Yes of course! Qt is a great environment and can sure hold it's own against competitors like Eclipse in C++. Although keep in mind Eclipse satisfies a myriad of developers, from Java to C++ to Python among many others. Typically an IDE specializing in one language will be more catered to that language, but Eclipse sure does one hell of a job catering to developers of multiple languages with it's vast amount of plugins. If you're comfortable with Eclipse CDT, I think you will feel right at home with Qt Creator, better yet, pampered.

such a great piece of software.

Upvotes: 15

Liviu Gheorghisan
Liviu Gheorghisan

Reputation: 423

Since you mentioned nothing about Qt, I assume that you plan to use QtCreator for a non-Qt C++ project, with its own custom Makefiles, not qmake-based, not Eclipse-CDT-based.

After I switched to QtCreator (now working on the same project, same code) I noticed the following advantages of QtCreator:

  • QtCreator moves faster than EclipseCDT for the same C/C++ project.
  • EclipseCDT is harder to config with custom Makefiles. QtCreator is easier. This is the case when you checkout a project with its own custom Makefiles, not IDE-generated ones, and you need to map that project's build targets to EclipseCDT build targets/configurations.
  • It's easier to deal with .pro(ject) files in QtCreator than workspaces in EclipseCDT.
  • In my case, the EclipseCDT memory footprint after indexing is about ~2GB. For QtCreator, it is only ~600MB, for the same project.
  • Source indexing in EclipseCDT takes a lot of time - when I start EclipseCDT, my computer is frozen for about 20 minutes due to indexing.
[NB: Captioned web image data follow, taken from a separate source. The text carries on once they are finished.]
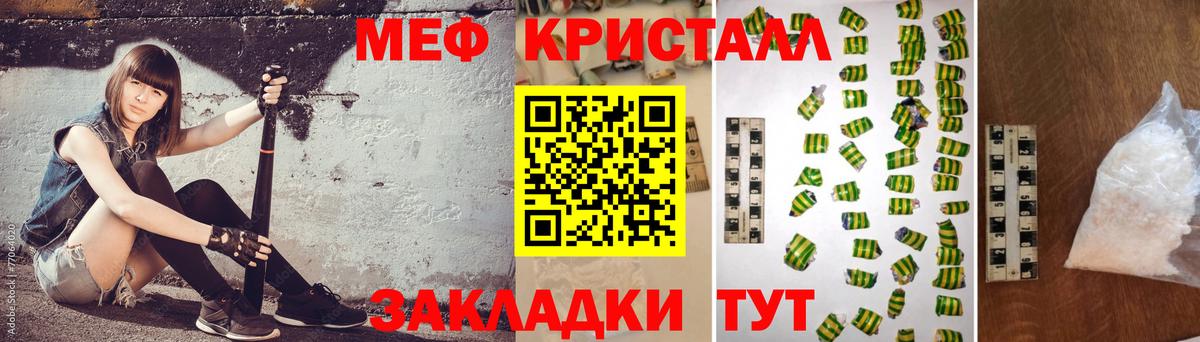 МЯУ-МЯУ мука  МЯУ-МЯУ  МЯУ-МЯУ VHQ  Чистополь  Вход с VPN 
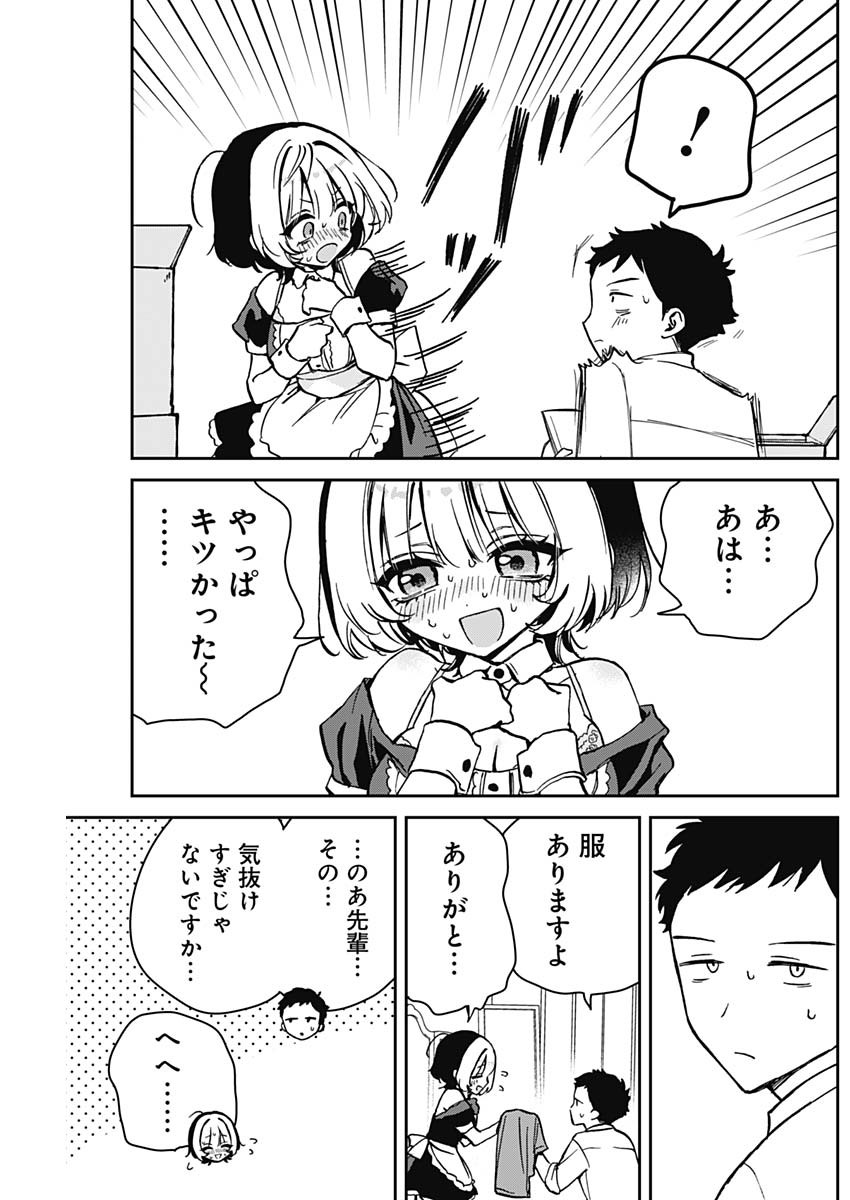 のあ先輩はともだち。 Chap 11 - Next Chap 12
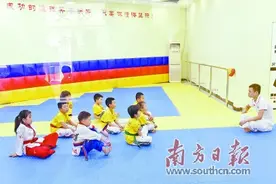 正规培训机构须“四证”齐全图片
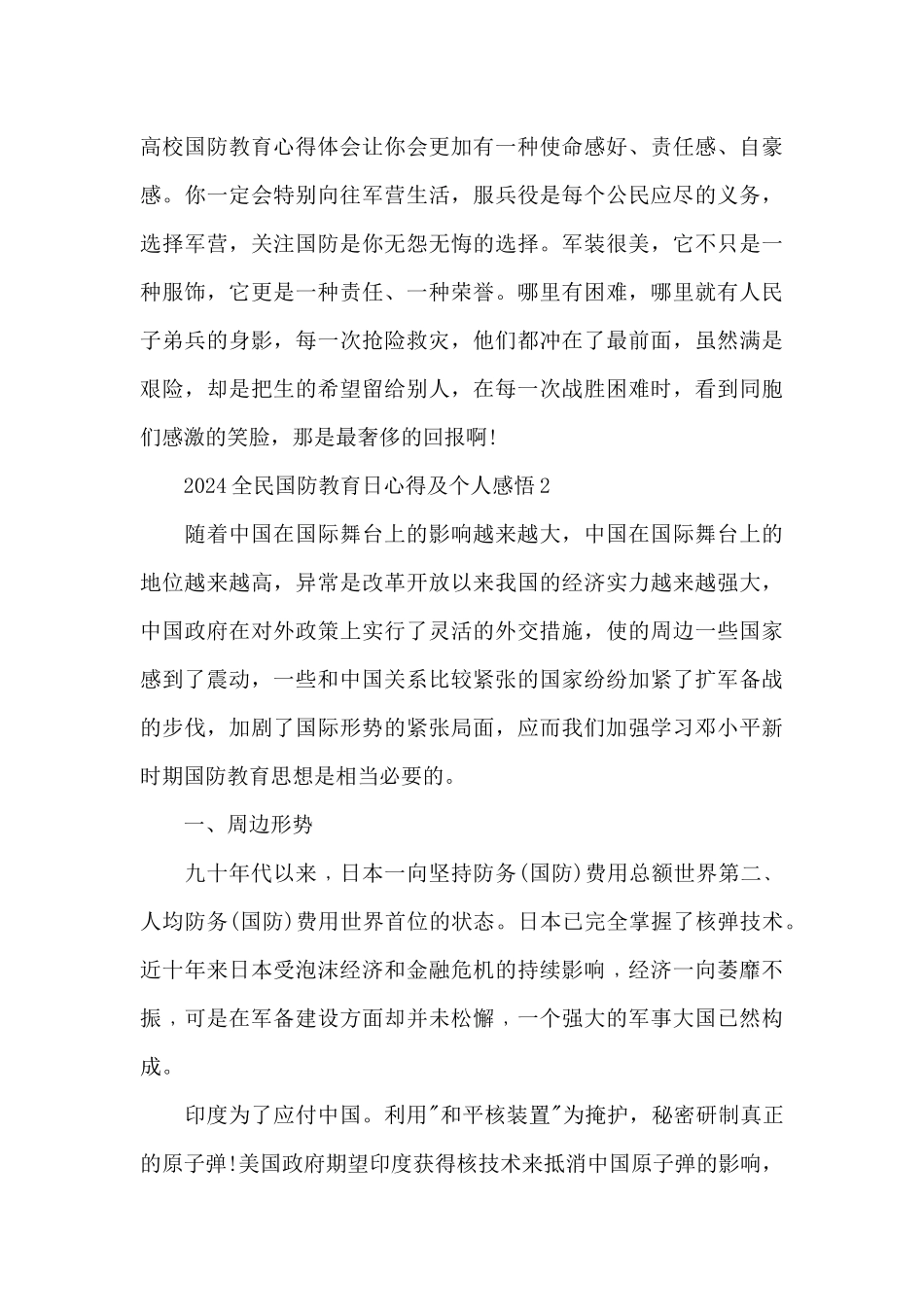 2024全民国防教育日心得及个人感悟5篇_第2页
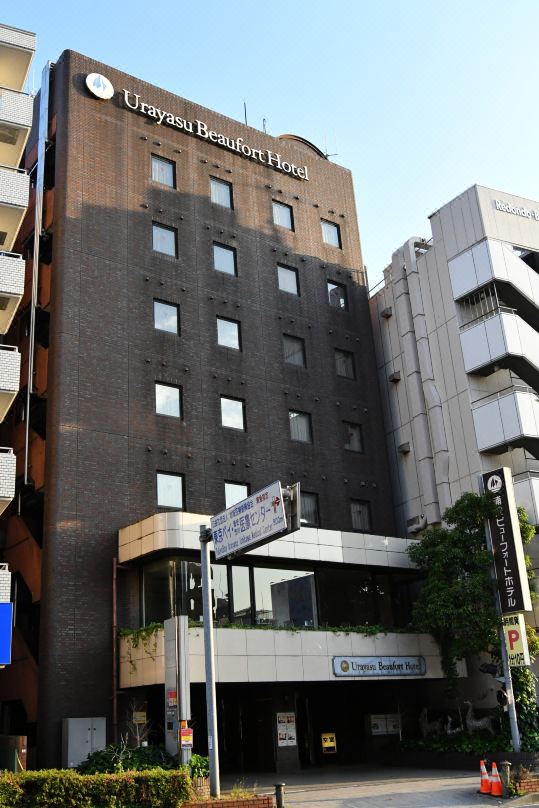 Urayasu Beaufort Hotel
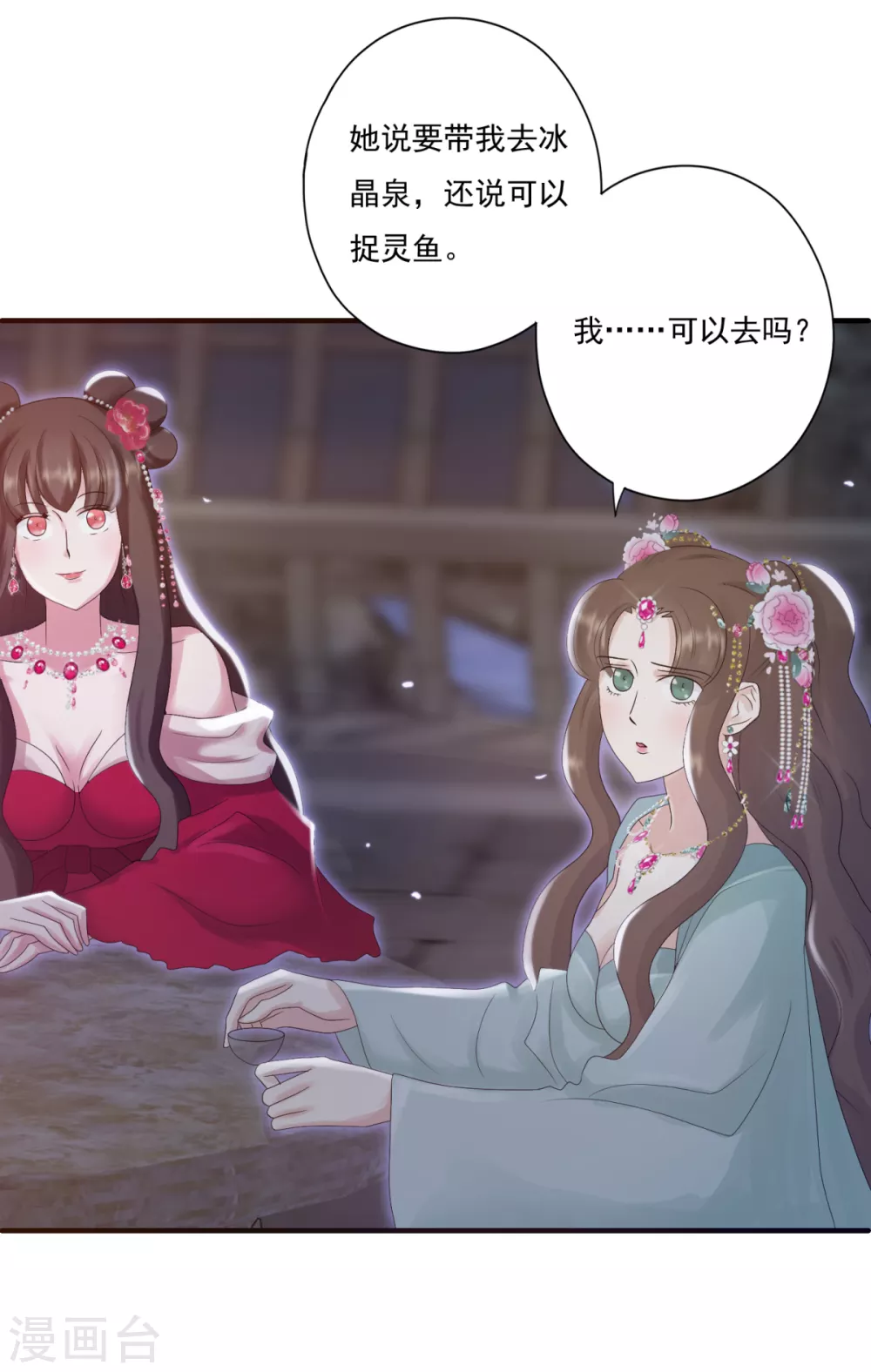 第36话 照顾葵喜-第39话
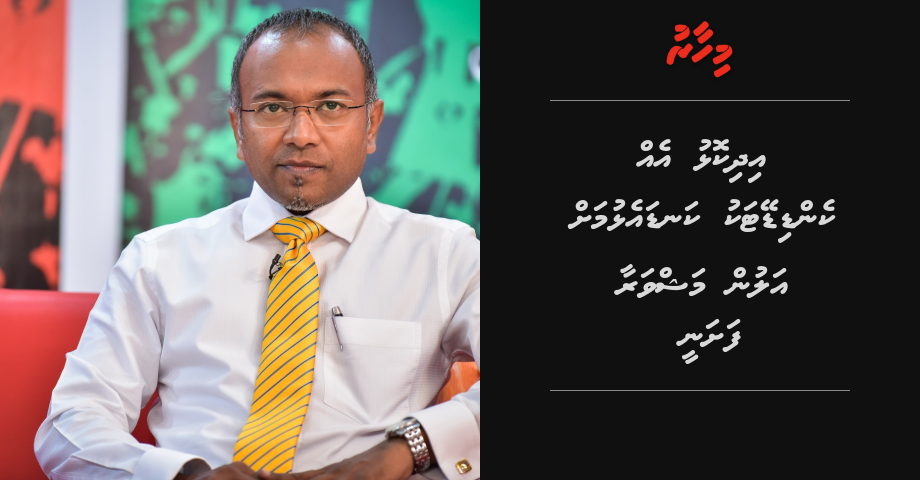 Idhikolhu 1 candidate aku kandaelhumah anekka ves mashvaraa fashanee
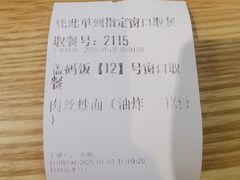 -易裕和·长沙米粉(竹塘西路店)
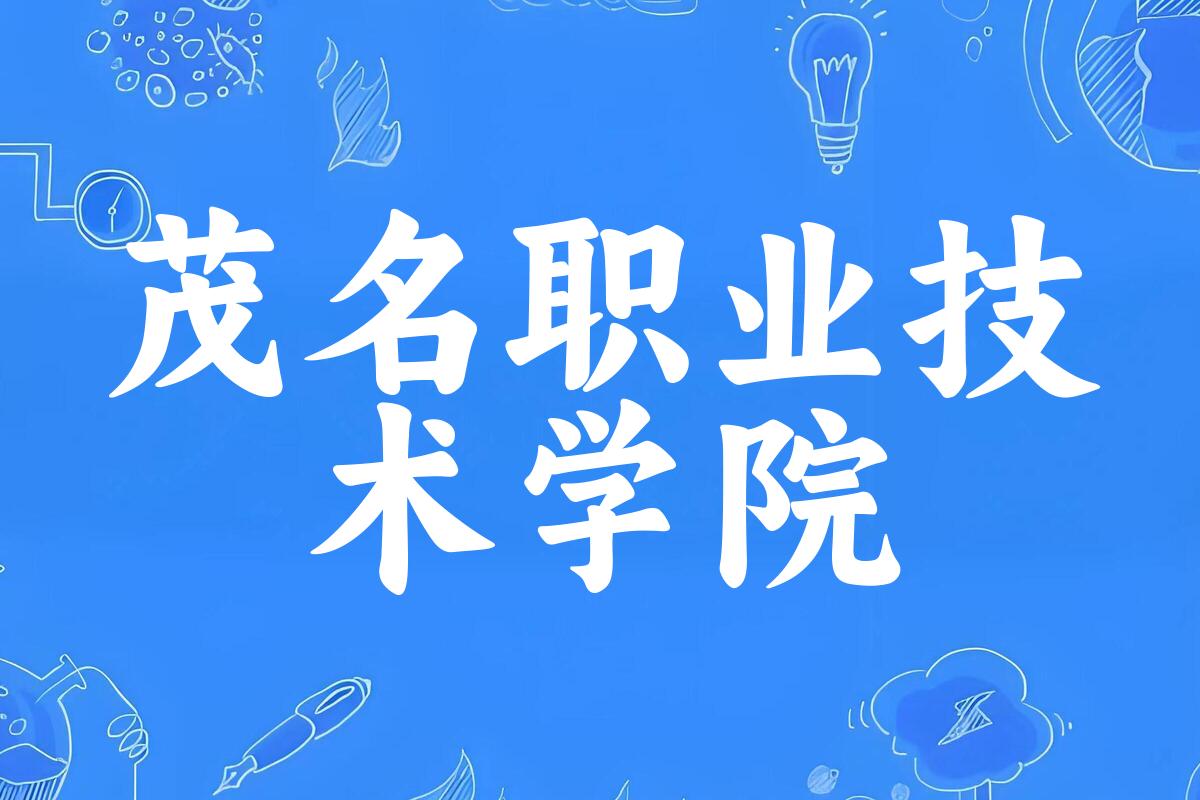 2025年想上茂名职业技术学院要多少分？2022-2024各省录取分数线报考参考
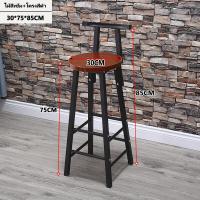 ราคา เก้าอี้ เก้าอี้บาร์ เก้าอีบาร์คาเฟ่ เก้าอี้บาร์สูง เก้าอี้ตกแต่งร้านค้าทรงสูง มี 4สีให้เลือก แยกขาย เหมาะสำหรับสายคาเฟ่ตกแต่งร้าน (22672953049)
In QtCreator it takes a quarter of that time, and the computer is responsive during it.

Of course there are a lot of advantages that EclipseCDT offers like the plethora of plugins (EGit, Subclipse, cppcheclipse, etc), but it depends if you really use them.

In the end, I think it's a matter of personal taste and habit, as you can achieve your goals with each of them.

Upvotes: 3

zhengtonic
zhengtonic

Reputation: 730

Well, QTCreator does exactly what a Linux C++/C dev (i assume you are a linux dev from what i read) would want from an IDE. Neither too much nor too little features. The problem of feature rich IDEs like Eclipse is that you might loose control of your project since it pretty much handles everything. If something goes south you have to take the features/plugins you used into consideration during the debugging process.

But overall, eclipse is (imho) the better choice since it makes sense to get used to one IDE that can pretty much handle every language. At work i use eclipse CDT for exactly this reason. For private projects i use QTCreator, because C/C++ are the only languages i use for these projects.